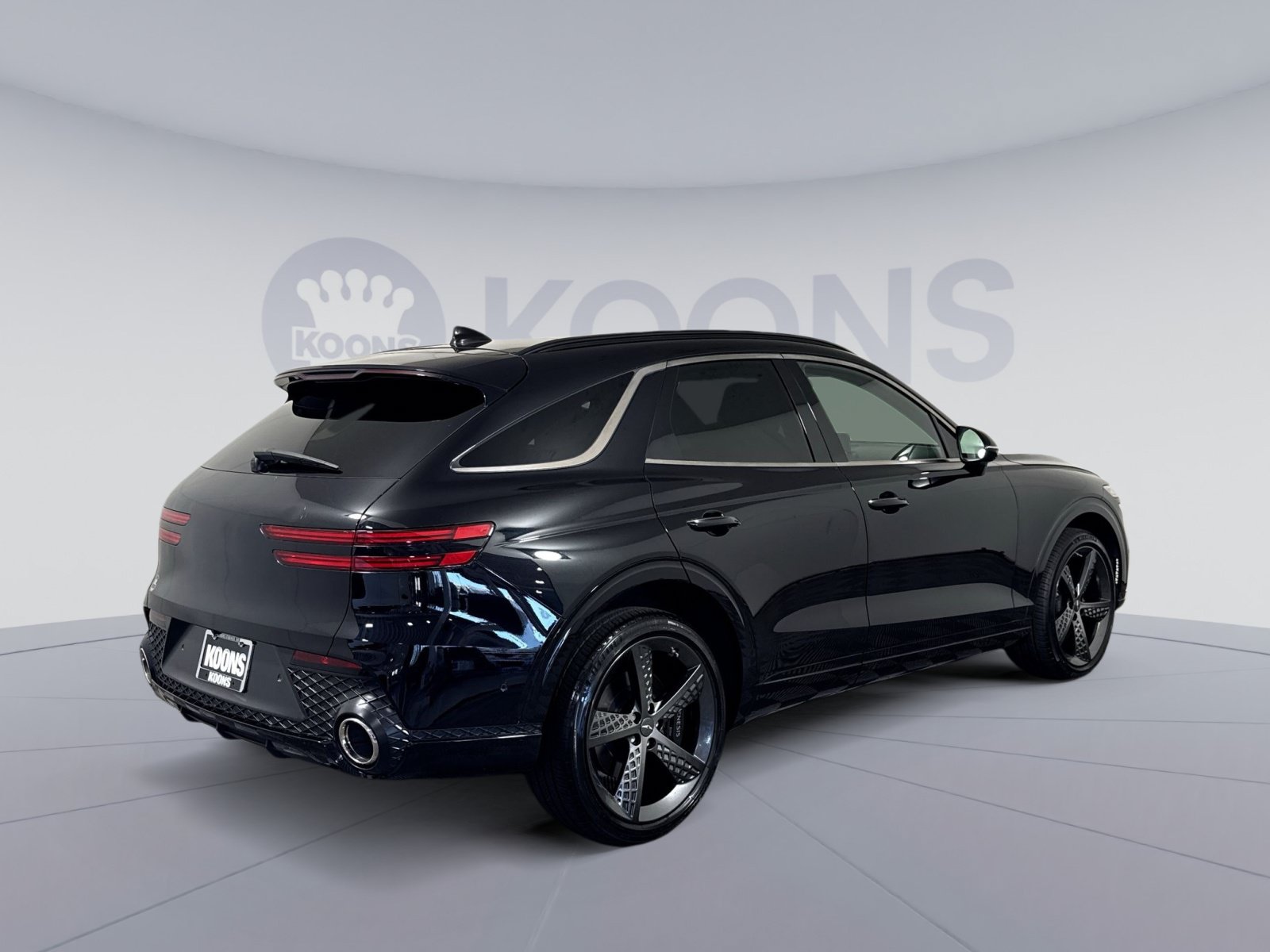 Used 2024 Genesis GV70 3.5T Sport w/ Sport Prestige Package AWD/4WD image 7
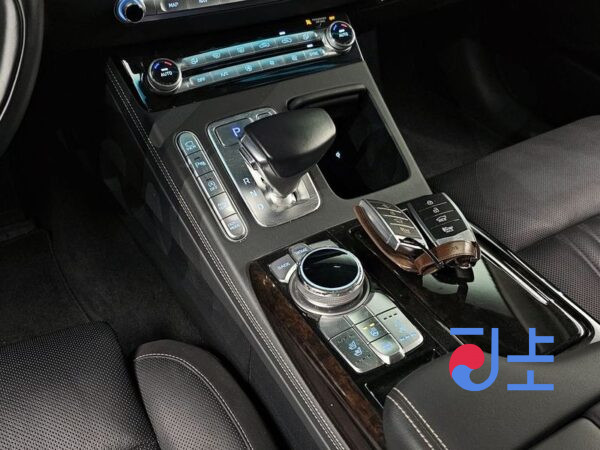 Genesis G90 blue - KMHG141DBKU072250 - Image 9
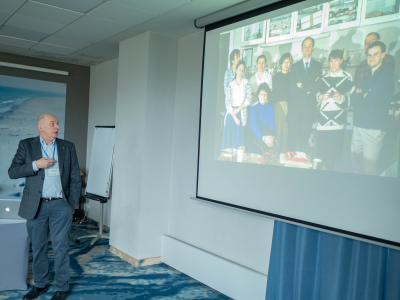 Prof. Żylicz opowiadający o swoim zespole podczas konferencji J-domain proteins from molecular mechanisms to diseases zorganizowanej m.in. przez Międzyuczelniany Wydział Biotechnologii UG i GUMed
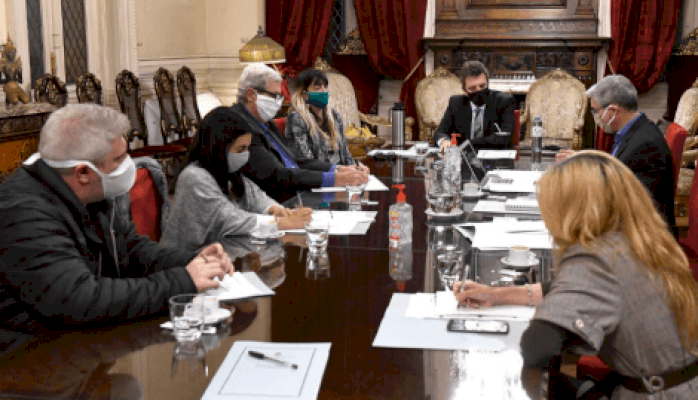 PulsoTucuman's tweet photo. Coronavirus en la Argentina | Pedirán el juicio político de tres jueces que liberaron presos https://t.co/A8TLy8G14q https://t.co/m49FRJ7RjB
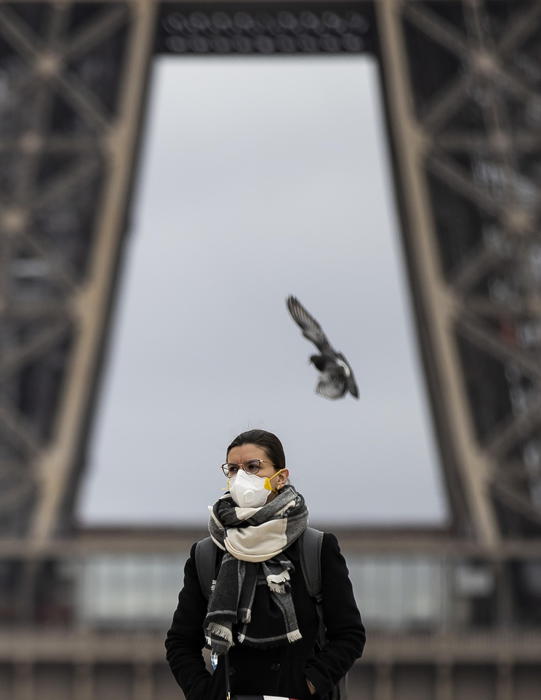 Coronavirus: la Francia chiude tutto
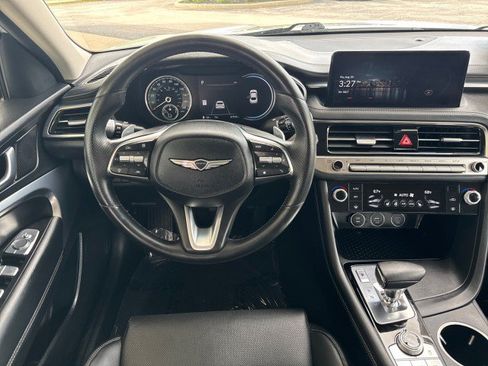 Used 2025 Genesis G70 2.5T AWD/4WD image 8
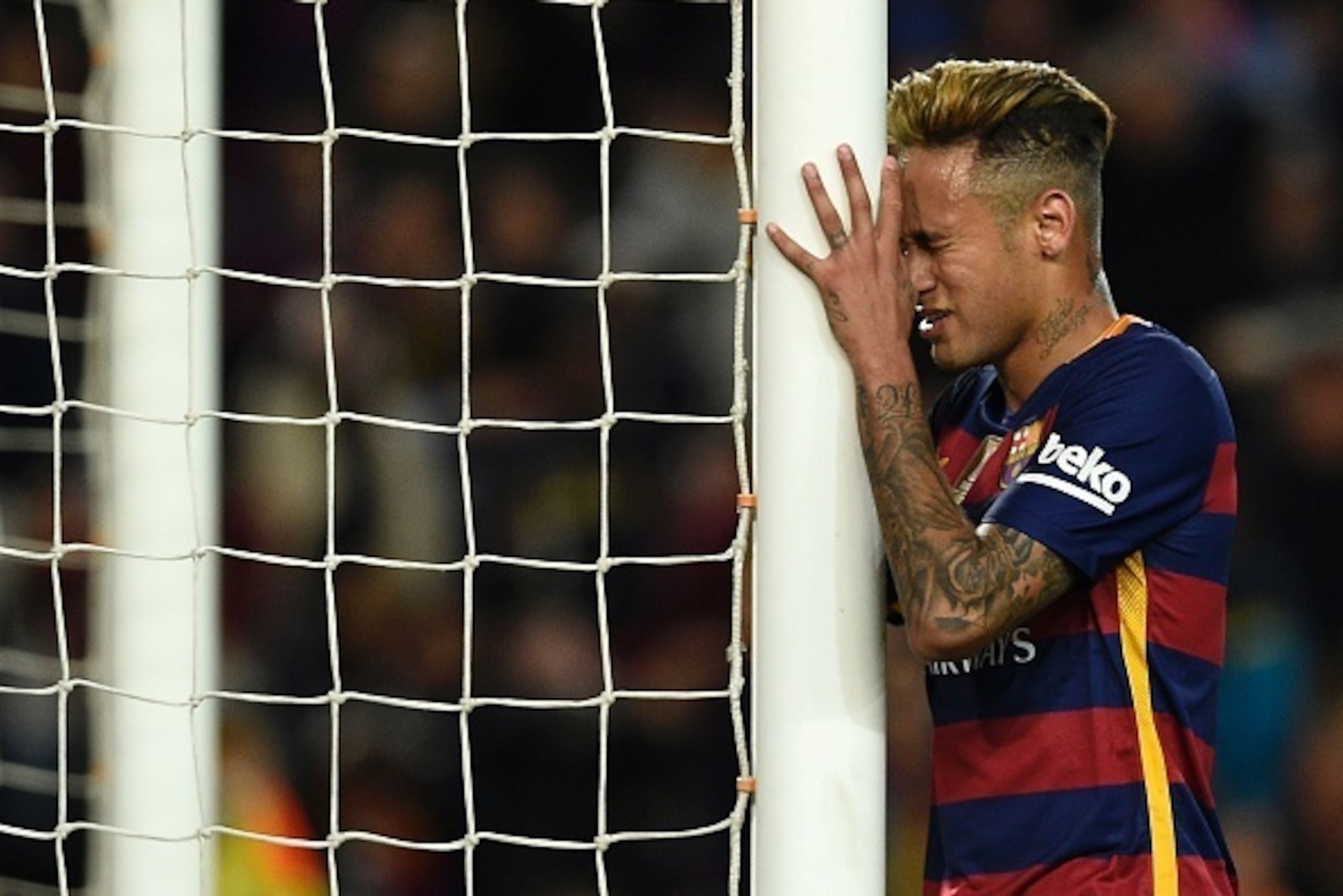 TOPSHOT - Barcelona's Brazilian forward Neymar puts his head against the goal post during the Spanish league football match FC Barcelona vs Valencia CF at the Camp Nou stadium in Barcelona on April 17, 2016. / AFP / LLUIS GENE        (Photo credit should 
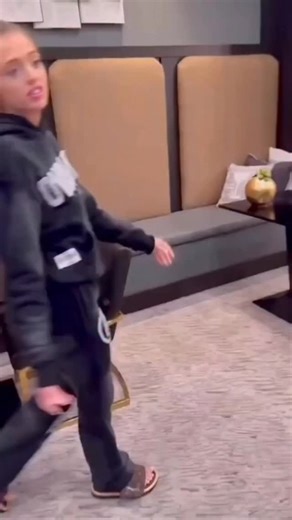 #color #blind #girl #fashion #atlanta #reaction #comedy #funny #love #trending #viral #reels #explore #instagood #instagram #fyp | Anthony Fuentes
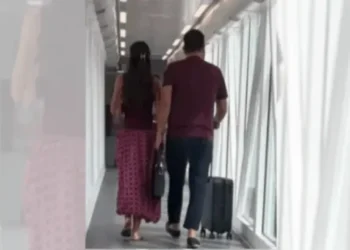 Fotot nga aeroporti bëhen virale, Rizarta Hoxha dhe Arbër Çepani ngrenë dyshime për romancë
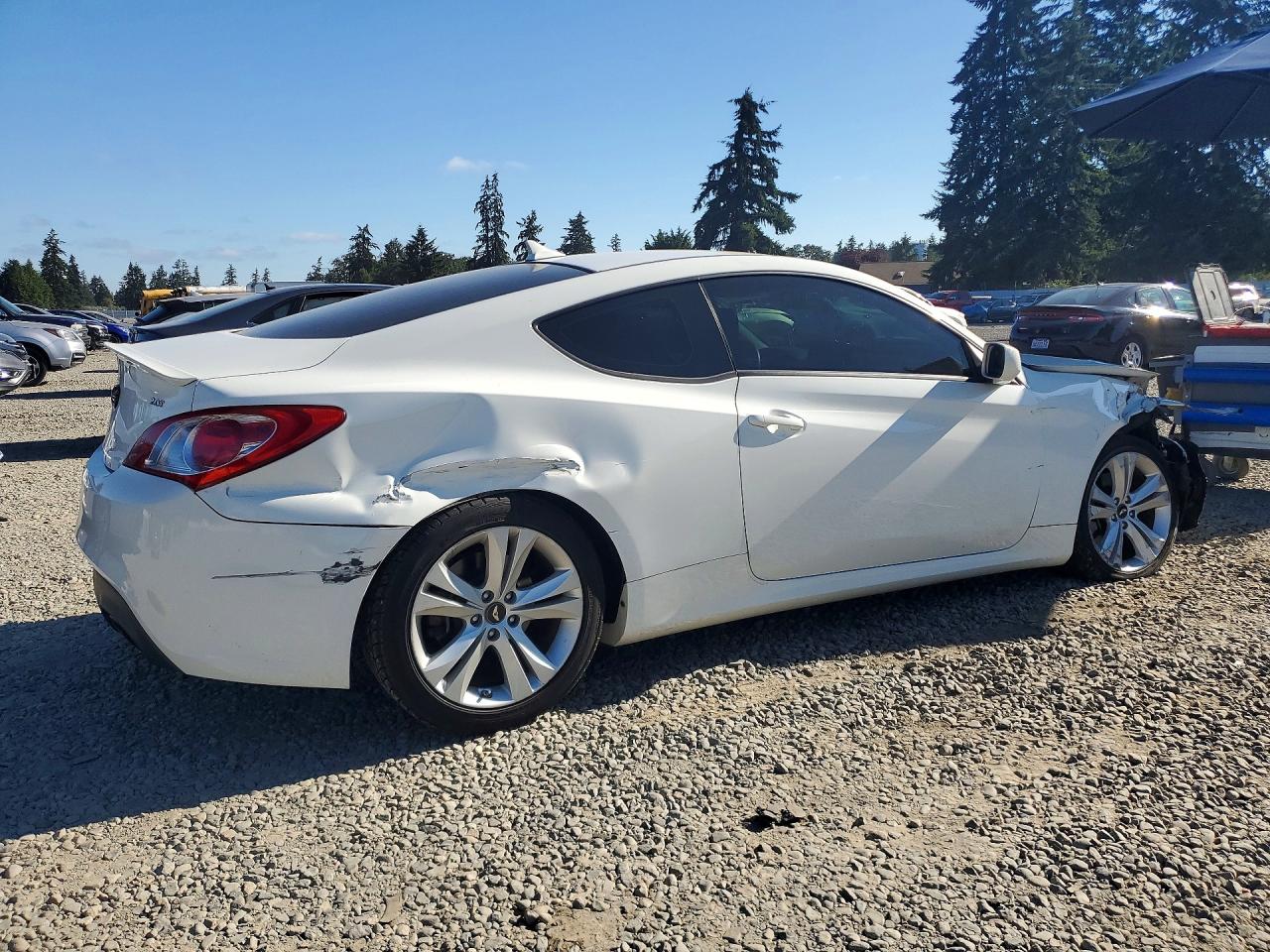 2011 HYUNDAI GENESIS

-------

> WORK TO BE COMPLETED
Your answer must be the lines from the opening line of the entries through the line holding "Prof. Żylicz opowiadający", written out exactly and without any picture.

> YOUR RESPONSE
 Used 2024 Genesis GV70 3.5T Sport w/ Sport Prestige Package AWD/4WD image 7
 Genesis G90 blue - KMHG141DBKU072250 - Image 9
 Prof. Żylicz opowiadający o swoim zespole podczas konferencji J-domain proteins from molecular mechanisms to diseases zorganizowanej m.in. przez Międzyuczelniany Wydział Biotechnologii UG i GUMed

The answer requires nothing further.